Start of Block

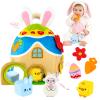Baby Toys 6-12-18 Months - My First Plush Bunny Burrow with Stuffed Animals, Rattle, Crinkle, Teether, Montessori Sensory Toys for Babies Toddlers 1-3, Baby Block Stacking Toy for Boys Girls Gifts view 1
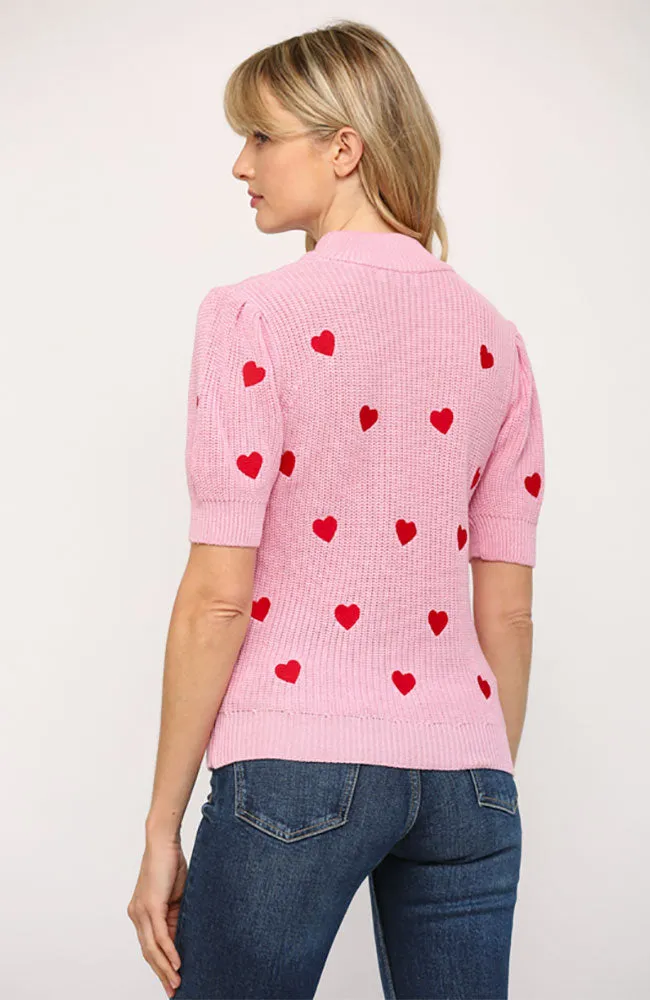 Heart Embellished SS Sweater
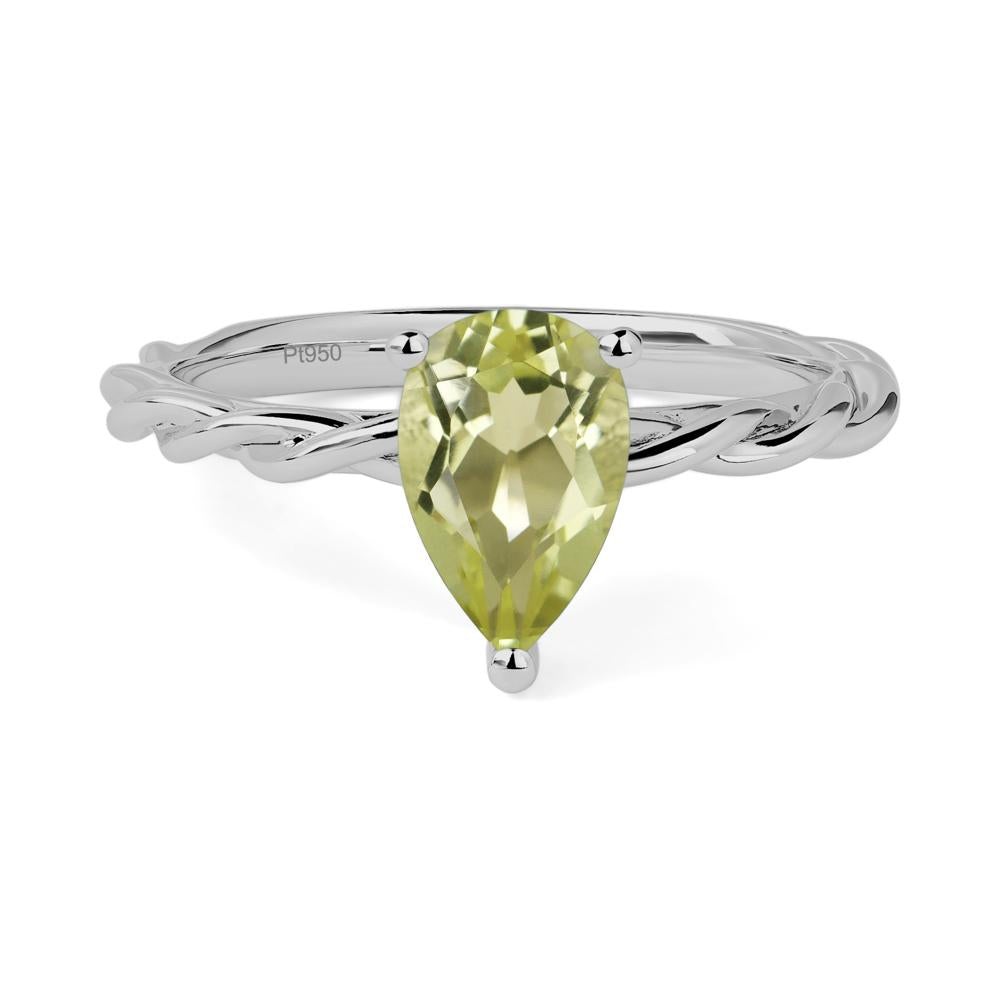 Teardrop Lemon Quartz Solitaire Rope Ring - LUO Jewelry #metal_platinum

End of Block

__WHAT NEEDS TO BE DONE__:
Write out the material above exactly; no pictures.

__ANSWER SECTION__:
Baby Toys 6-12-18 Months - My First Plush Bunny Burrow with Stuffed Animals, Rattle, Crinkle, Teether, Montessori Sensory Toys for Babies Toddlers 1-3, Baby Block Stacking Toy for Boys Girls Gifts view 1
 Heart Embellished SS Sweater
 Teardrop Lemon Quartz Solitaire Rope Ring - LUO Jewelry #metal_platinum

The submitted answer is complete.